I also have a piece of unsolicited advice, and it is free. During my years as Dean, I learned quite a bit about fundraising from Harvard’s development office. One piece of wisdom was that if I need money, I should ask for advice, but if I need advice, then I should ask for money. Now I am quite sure MIT alumni and friends would love to prove that this Harvard wisdom was ill informed. You can accomplish that by giving Amy money whenever she asks you for money. Of course, if you want to know how much Amy really values your advice, just give her money whenever she asks for advice, and see if she would refuse your money, and insist, “No, no, I really want your advice.” 

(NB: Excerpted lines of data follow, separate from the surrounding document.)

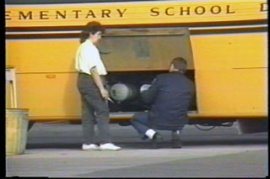 SCHOOL BUS INSPECTION - 10 Min.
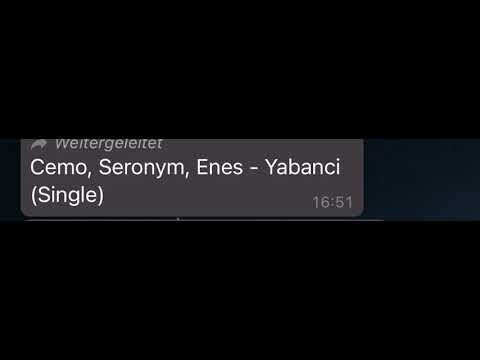 Cemo,Seronym,Enes - Yabanci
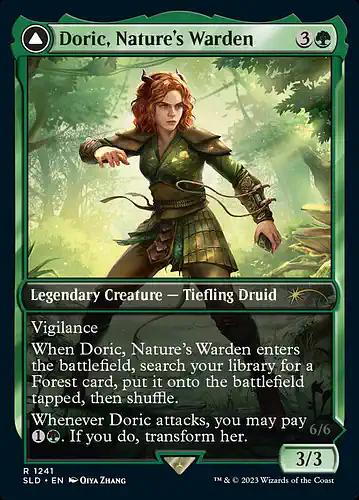 Casal, Lurkwood Pathfinder - sld Spoiler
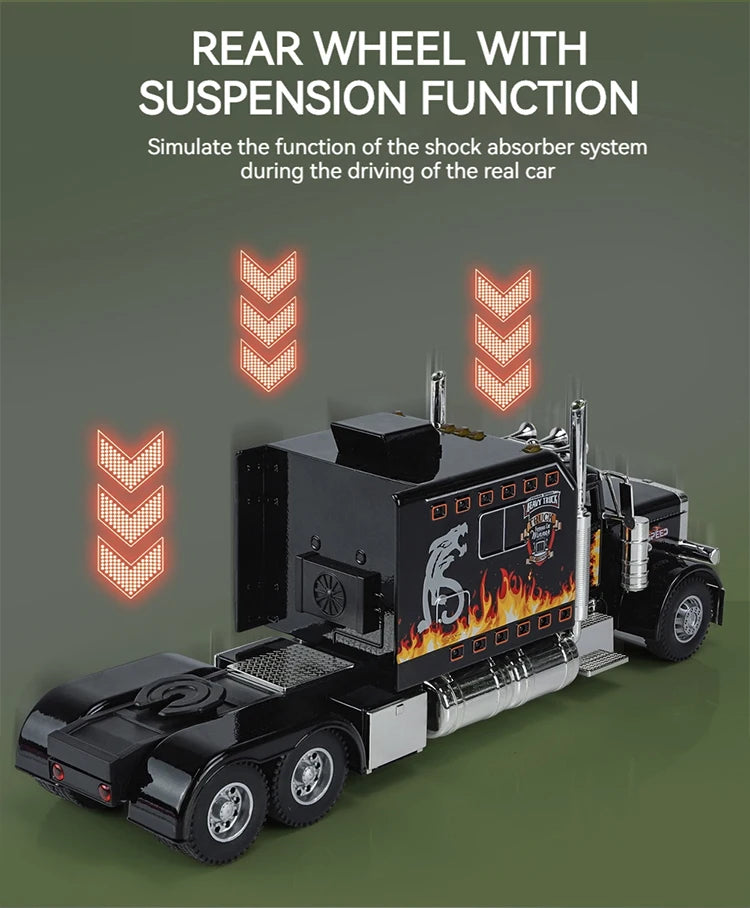 1:24 Peterbilt 389 Tractor Trailer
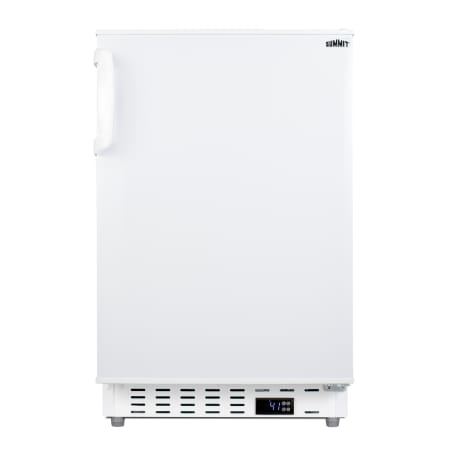 Summit 20 Inch Wide 3.53 Cu. Ft. Compact Refrigerator White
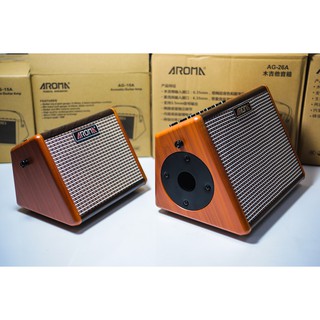Ampli guitar, âm ly guitar Aroma AG-15A, Aroma AG-26A chính hãng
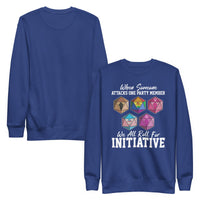 Unisex Premium Sweatshirt Good Vibrations Adult Super Store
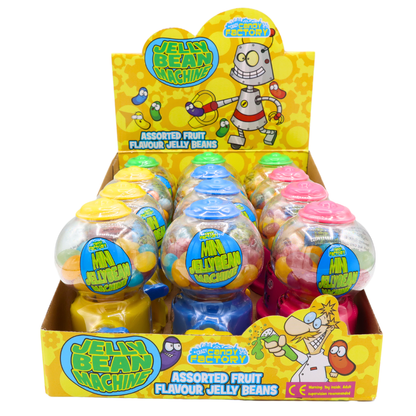 Crazy Candy Factory Jelly Bean Machine 50g (Case of 12)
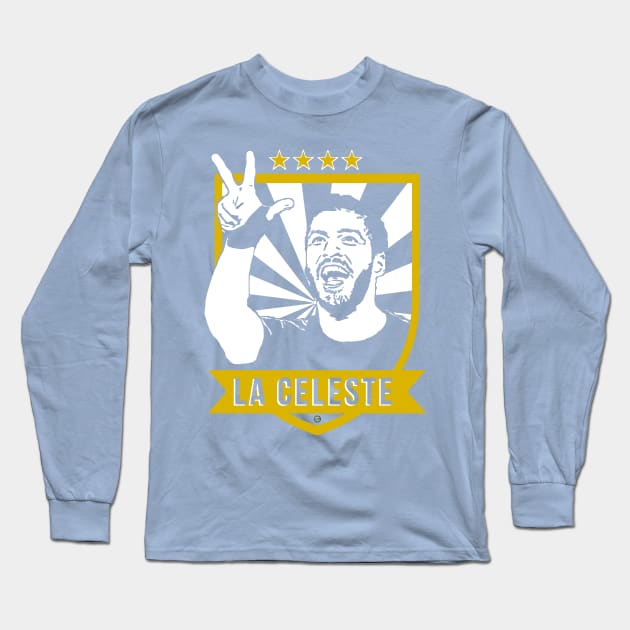 La Celeste Long Sleeve T-Shirt by bumfromthebay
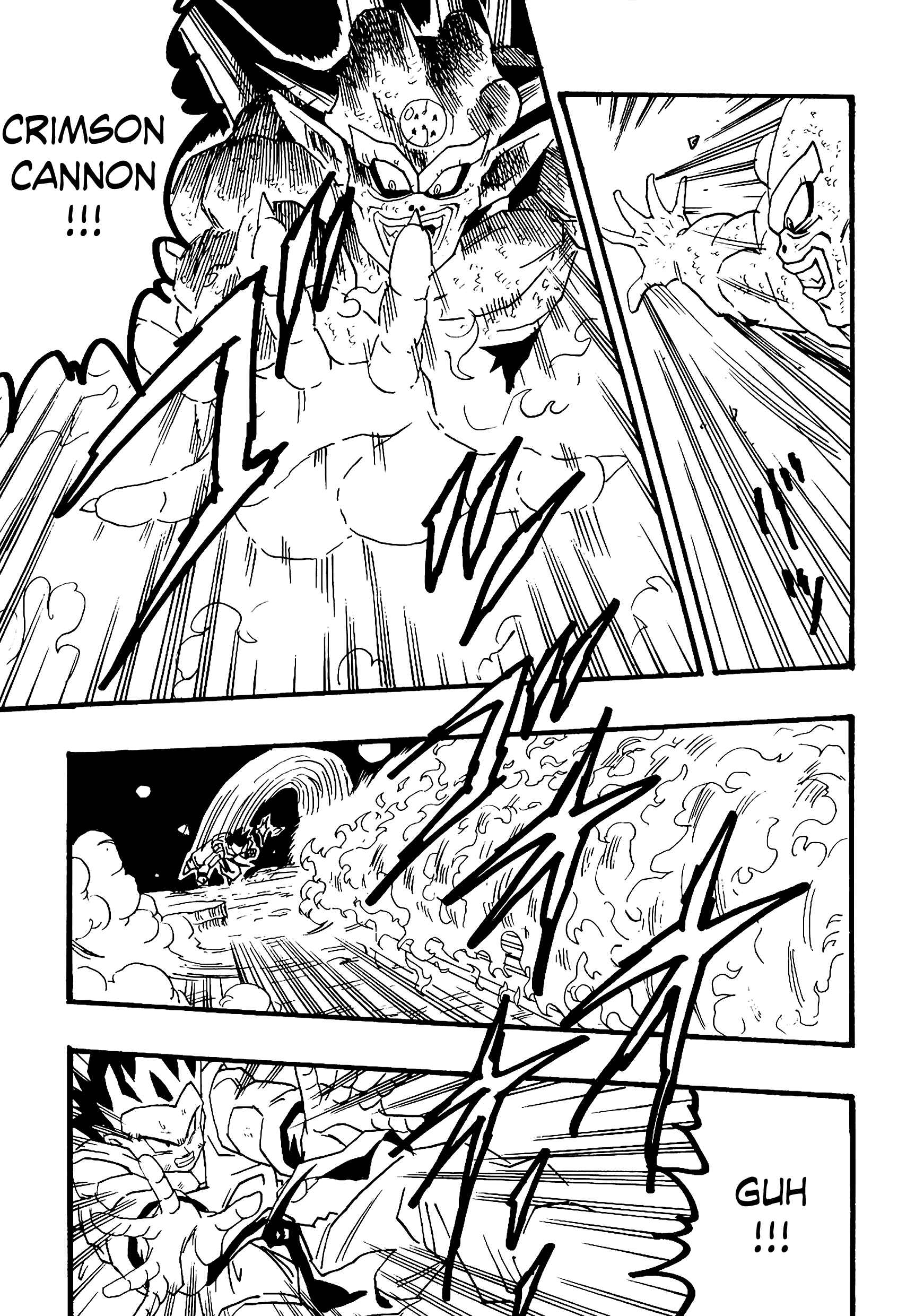 Dragon Ball AF (Young Jijii) Chapter 7 - Page 32
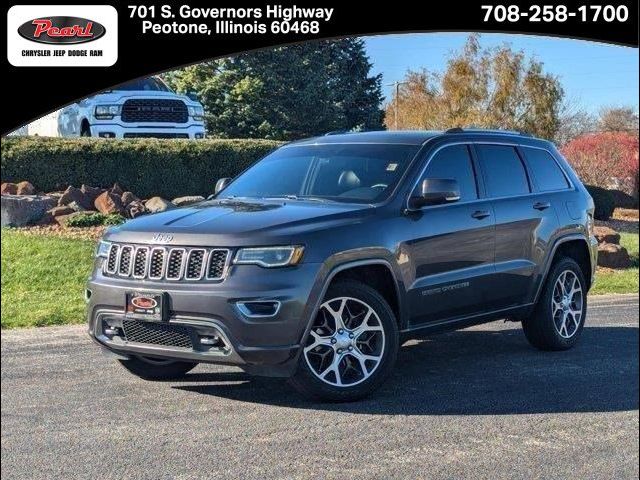 2018 Jeep Grand Cherokee Sterling Edition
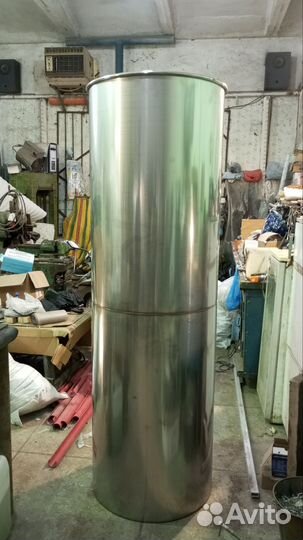 Сварка аргоном. Ёмкости из нержавейки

Now, if for whatever reason Amy cannot take your money, please feel free to send that check to me. I will use the funds to celebrate the fifth anniversary of the happy marriage between MIT Press and HDSR, and of course you will be invited. On top of that, I will send you a special inaugural volume of HDSR, which you can sell on eBay to recover all your generosity because it comes with my signature, which is priceless. For everything else, there is MIT Press. 

Thank you and Happy Sixtieth, to MIT Press and to Amy!